Word for word, copy the lines beginning at the one with "a bedroom with" and ending at the last line below; pictures stay out.

(Pictures with short captions)
-*-

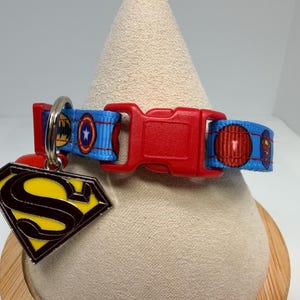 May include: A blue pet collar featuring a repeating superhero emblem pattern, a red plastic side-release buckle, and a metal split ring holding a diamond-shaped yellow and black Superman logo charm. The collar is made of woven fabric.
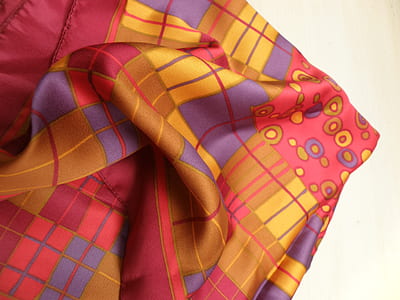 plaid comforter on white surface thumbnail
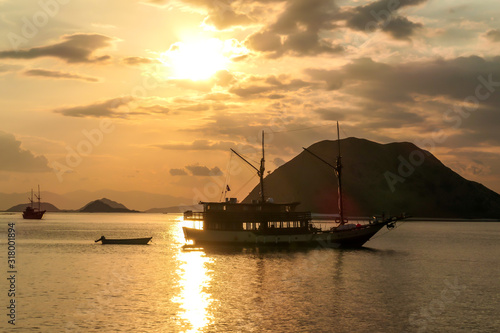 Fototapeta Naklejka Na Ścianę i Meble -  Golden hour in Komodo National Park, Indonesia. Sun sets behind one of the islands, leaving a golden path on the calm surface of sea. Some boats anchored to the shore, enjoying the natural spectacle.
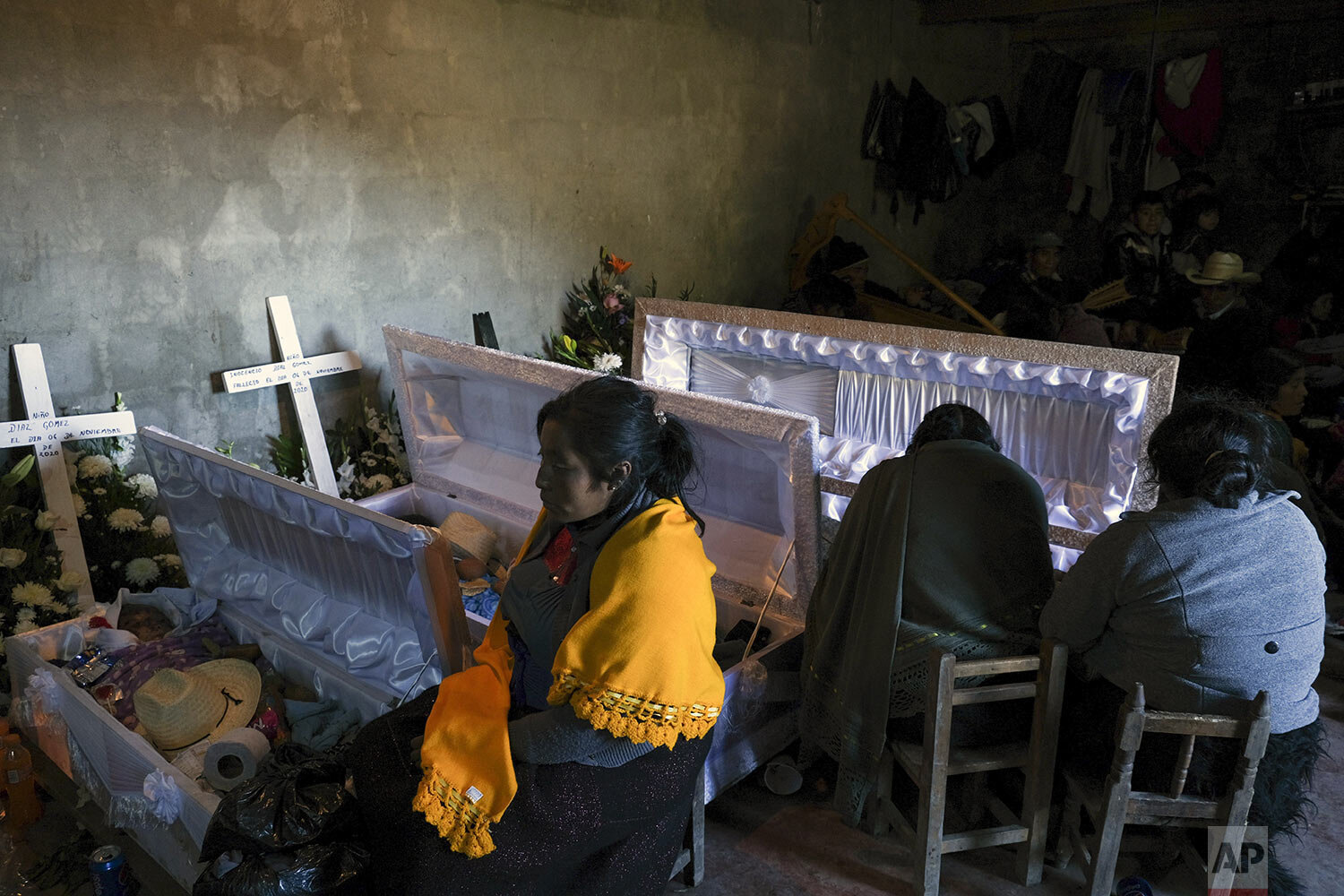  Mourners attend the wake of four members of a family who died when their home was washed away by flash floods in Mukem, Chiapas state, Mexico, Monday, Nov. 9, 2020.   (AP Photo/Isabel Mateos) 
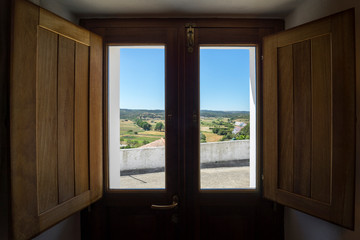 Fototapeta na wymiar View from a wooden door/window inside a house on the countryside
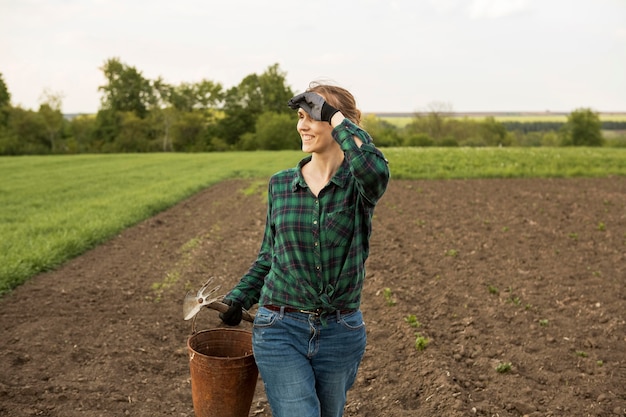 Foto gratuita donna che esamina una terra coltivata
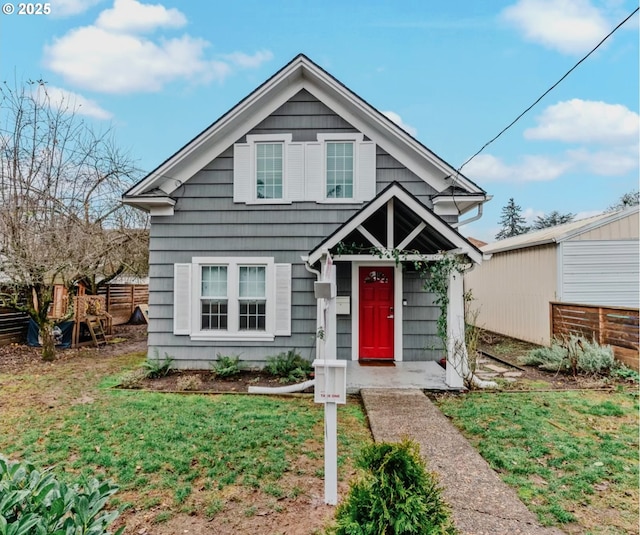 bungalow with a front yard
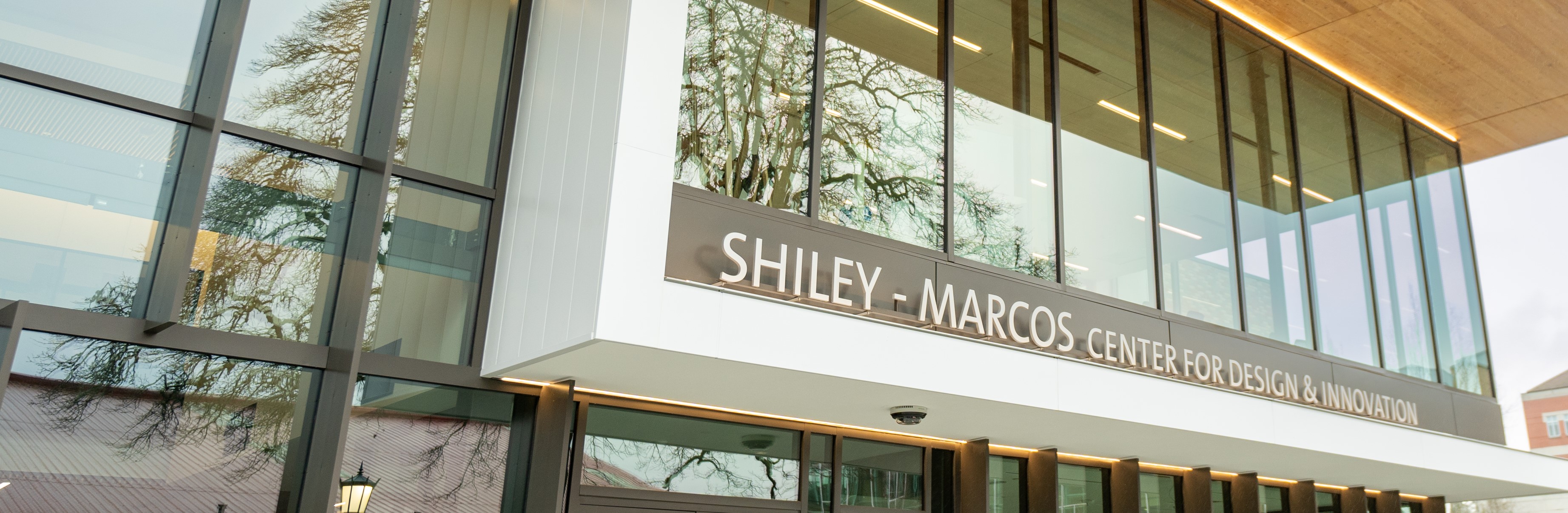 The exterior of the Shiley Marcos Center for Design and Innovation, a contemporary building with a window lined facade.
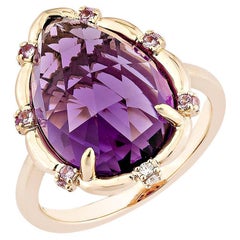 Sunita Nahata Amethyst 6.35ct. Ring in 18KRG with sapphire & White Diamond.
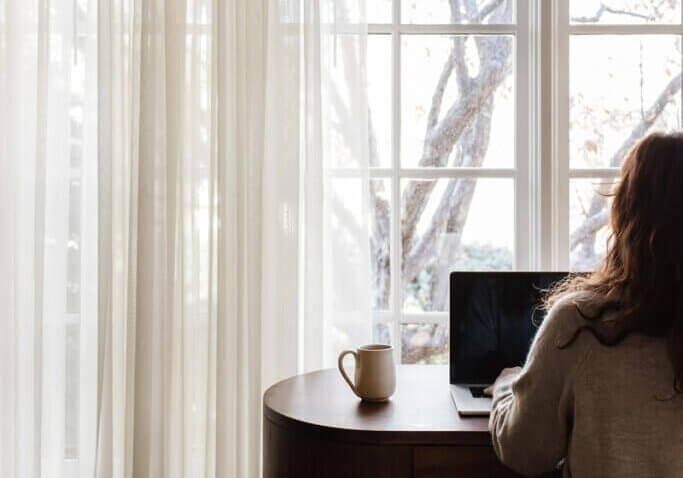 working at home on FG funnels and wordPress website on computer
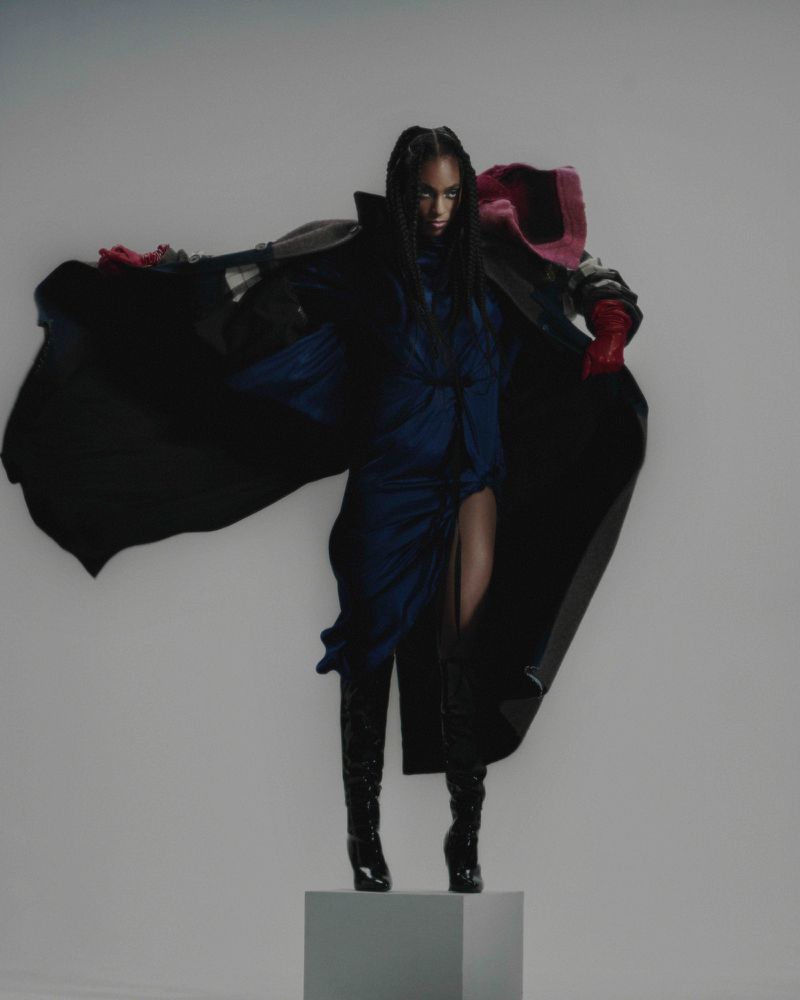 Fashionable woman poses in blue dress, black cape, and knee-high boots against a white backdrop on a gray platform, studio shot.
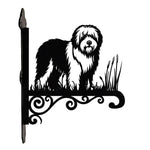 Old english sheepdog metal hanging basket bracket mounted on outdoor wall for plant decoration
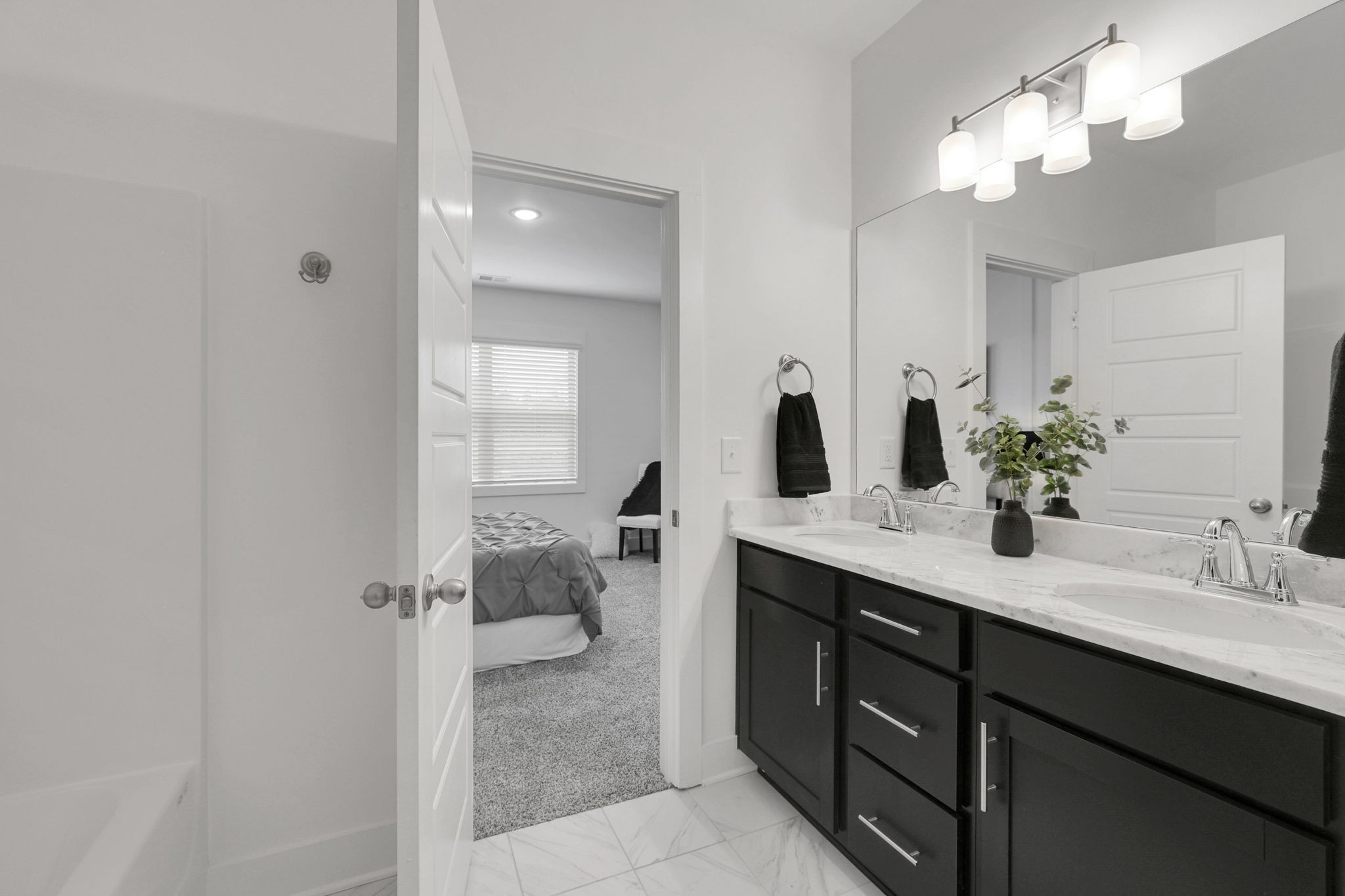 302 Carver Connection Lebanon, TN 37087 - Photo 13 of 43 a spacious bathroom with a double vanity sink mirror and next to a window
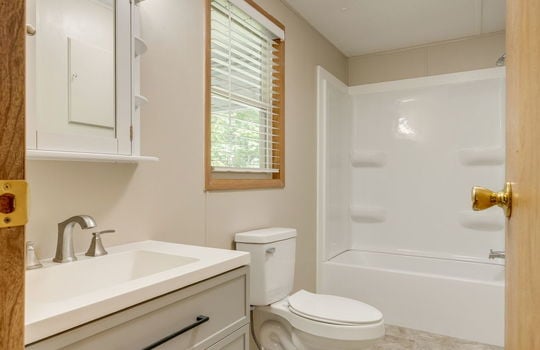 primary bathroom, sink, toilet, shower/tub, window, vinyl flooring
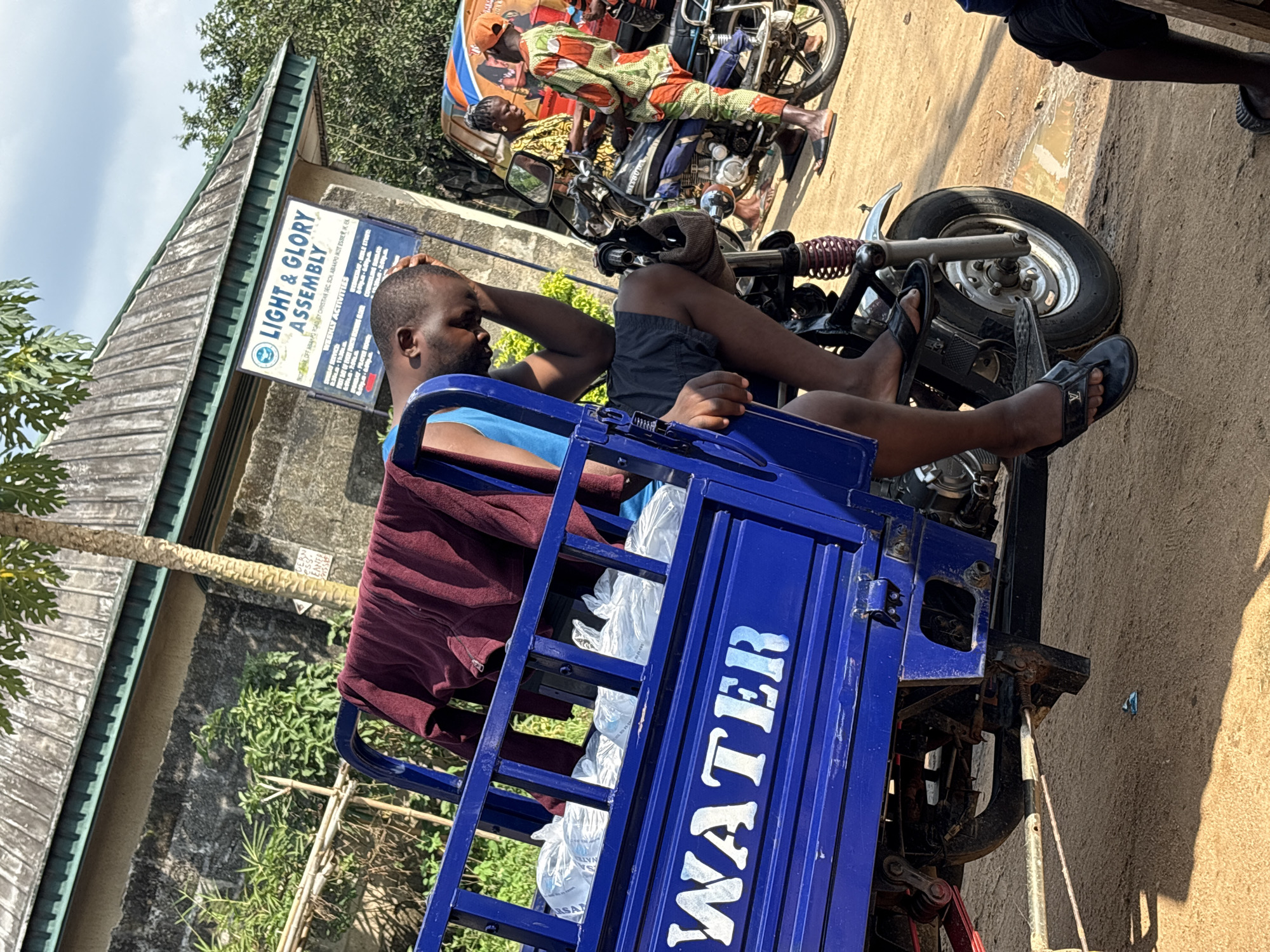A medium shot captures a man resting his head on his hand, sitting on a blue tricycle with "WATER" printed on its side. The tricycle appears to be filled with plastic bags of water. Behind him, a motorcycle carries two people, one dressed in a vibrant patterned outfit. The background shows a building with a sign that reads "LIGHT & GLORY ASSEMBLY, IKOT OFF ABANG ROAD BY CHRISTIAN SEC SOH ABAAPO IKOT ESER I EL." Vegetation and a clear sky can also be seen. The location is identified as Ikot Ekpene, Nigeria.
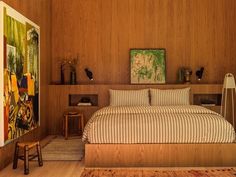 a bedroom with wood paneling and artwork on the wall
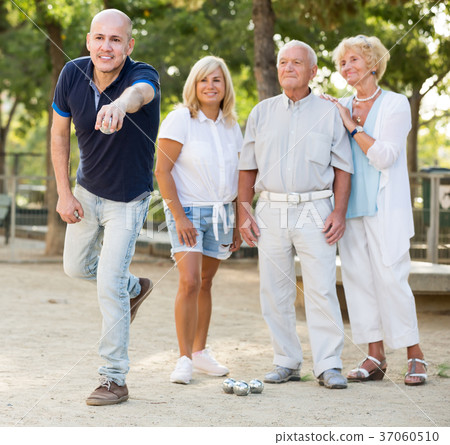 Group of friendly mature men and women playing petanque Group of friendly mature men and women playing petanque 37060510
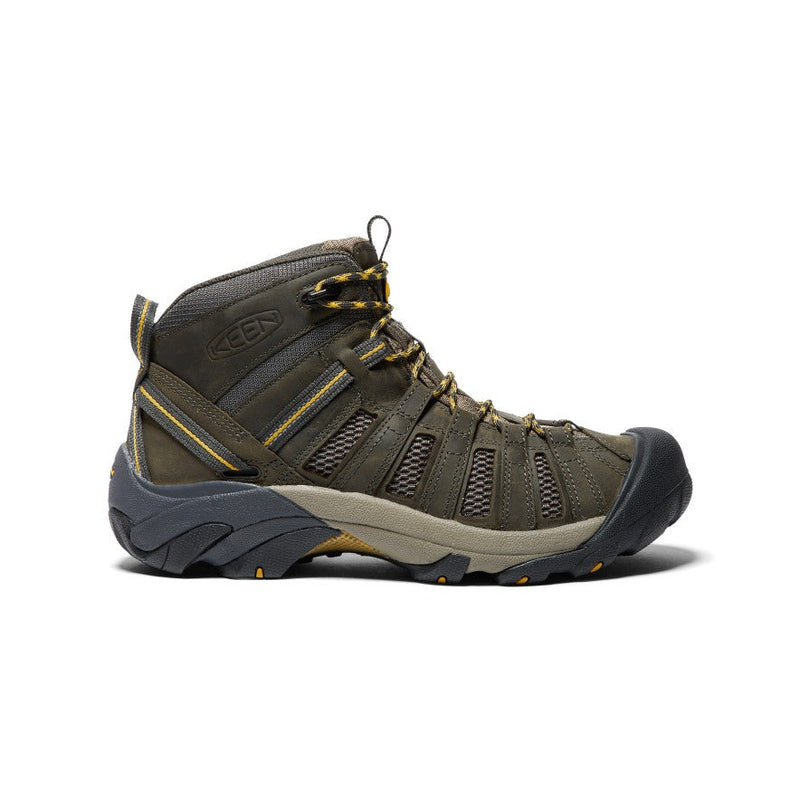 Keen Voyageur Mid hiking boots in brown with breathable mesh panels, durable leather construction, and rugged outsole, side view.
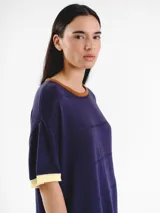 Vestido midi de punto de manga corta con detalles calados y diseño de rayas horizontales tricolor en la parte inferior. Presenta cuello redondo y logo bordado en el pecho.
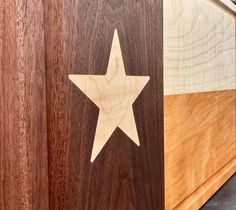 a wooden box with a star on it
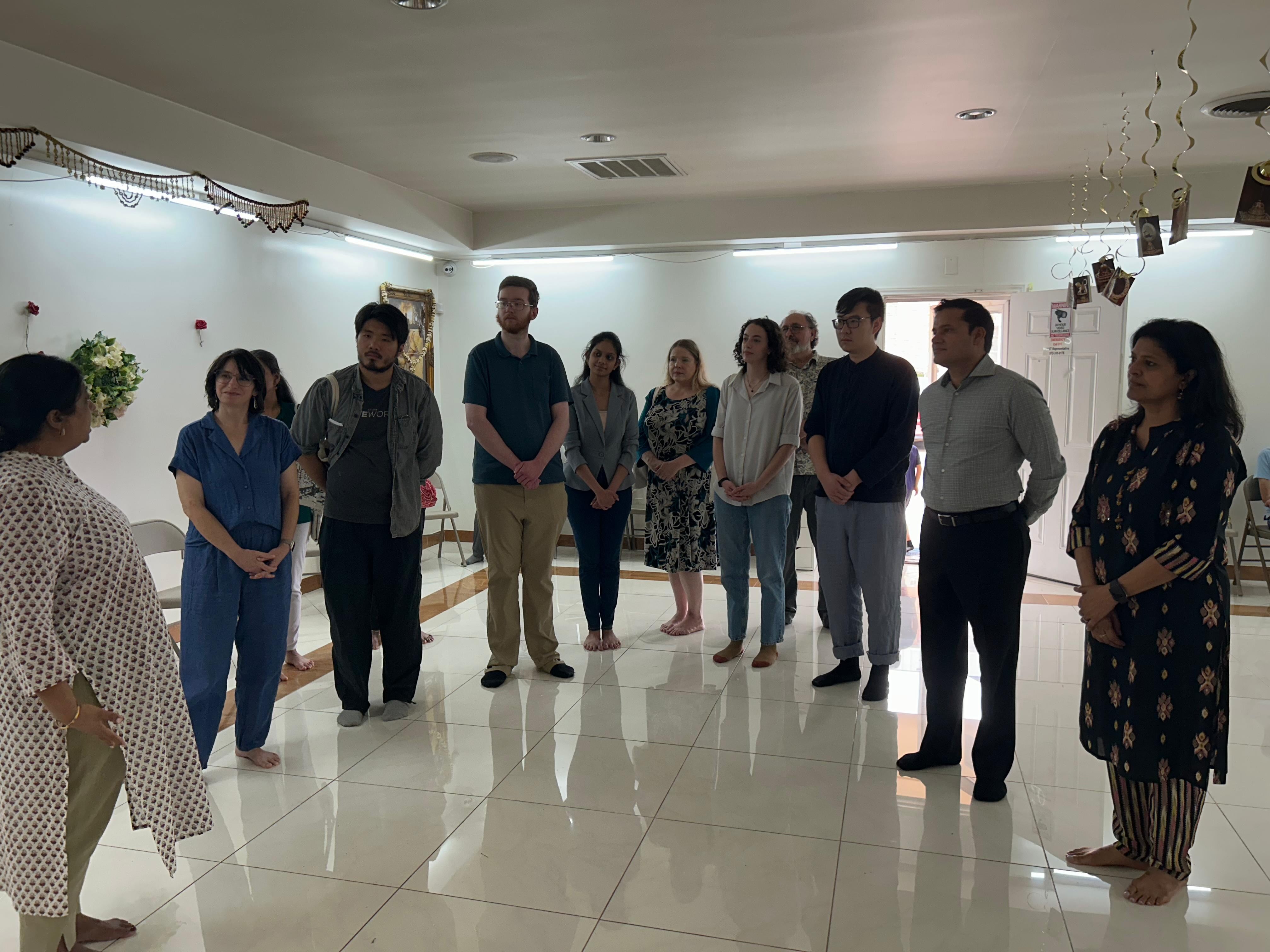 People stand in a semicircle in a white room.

-*-

▶ Solution to the problem
 a bedroom with wood paneling and artwork on the wall
 Group of friendly mature men and women playing petanque Group of friendly mature men and women playing petanque 37060510
 Keen Voyageur Mid hiking boots in brown with breathable mesh panels, durable leather construction, and rugged outsole, side view.
 Vestido midi de punto de manga corta con detalles calados y diseño de rayas horizontales tricolor en la parte inferior. Presenta cuello redondo y logo bordado en el pecho.
 a wooden box with a star on it
 People stand in a semicircle in a white room.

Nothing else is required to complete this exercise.